Our AI Agent now costs more than human junior bankers...
Welcome to Fully Distributed, a newsletter about AI and its impact on business. Join our growing community by subscribing here:
Since January, our internal AI agent Archie has 10x’d in cost - now ~$35K/month run-rate ($420K+ a year). That’s more than two full-time investment banking analysts.
Archie launched in December, and usage has grown from a couple hundred chats a month to ~2,400 (and each chat got longer, too). As we kept improving the AI harness around Archie, the product became increasingly useful to our investment bankers, and usage exploded.
While it is a great sign of product-market fit, it also made our token bill impossible to ignore.
In the early days we didn’t care about cost. We optimized for raw performance and watched Archie climb our (increasingly hard) evals from ~25% to ~75%. The math was simple — if the agent hallucinated or quoted the wrong number, nothing else mattered.
But when Fable 5 came out, my cofounder flagged that switching to it would eke out maybe another 3-4% on our evals, but it would also double our monthly cost to $70K+ - another two banking analysts, overnight. It was the first time we decided not to switch to a better frontier model because the incremental intelligence was not worth the incremental cost.
We’ve all heard about ballooning token costs in the enterprise, but seeing it inside my own “small business” - one with only five human investment bankers - made it look a lot more like a headcount decision. And I think millions of small businesses are going to face the same question: how much is truly frontier intelligence worth for the task at hand?

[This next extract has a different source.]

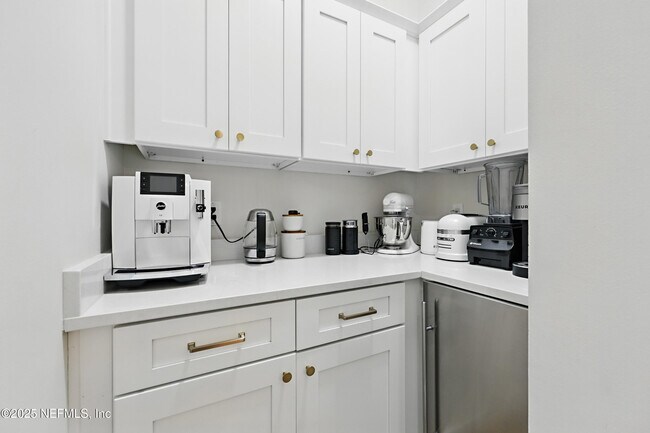 Building Photo - 24601 Deer Trace Dr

For us, the question moved from “What’s the smartest model?” to “What’s the right model for this specific task?”.
Investment banks already get this intuitively. Analysts do analyst work - models, decks, process materials - and MDs do MD work - origination, client management, judgement. It is not a good use of an MD’s time to format PowerPoint decks. Their time is better spent winning new business. And in many cases, they would actually be slower - and worse - than an analyst at that specific task.
We think AI will likely evolve the same way.
Frontier models will only be used for the hardest possible tasks - judgement, orchestration, complex reasoning and coordinating other models toward a common goal.
Smaller, specialized models - often open source - will do the more specific work where they can be both better and cheaper.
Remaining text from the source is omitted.